自分が使った花材事典:撫子(楊貴妃)

楊貴妃なんて、美女の中の美女の名前をもらっていますが、撫子としてはすごく一般的な品種です。
20年くらい前に、私の親しくしていた花屋さんが、毎週のように楊貴妃を入れてきて、そのときに私には「安価なお稽古花材」という印象が刻み込まれてしまいました。

実際、安価で親しみやすい花の一つだと思います。

花屋的には、お稽古花にこれを一本でも付けると、花材の組み方としてまとめやすいです。パっと明るくて、「お花もう一種類入ってます」ということがはっきりするので、「困った時の楊貴妃頼み」みたいなことができます。これは、お稽古花だけでなく、仏花にも言えます。

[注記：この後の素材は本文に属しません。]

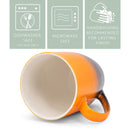Orange Black Two Toned Ombre Matte 10 ounce Ceramic Stoneware Coffee Cup Mugs Set of 4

楊貴妃は、独特のピンク色をしています。明るいだけでなく、ちょっとチェリーピンクみたいな色味が入ります。撫子を数種類仕入れたときでも、楊貴妃だけ妙に目立ちます。
これは、長所でもあるんですが、うっかりするとダサさにつながります。ダサさに陥らず、かわいくかっこよく生けたいものです。

考えたら、20年前と、楊貴妃の地位ってあんまし変わらないなと思います。20年前も、今も、そしてこれからもずいぶんたくさんのお付き合いを楊貴妃とはするんだろうな、と思います。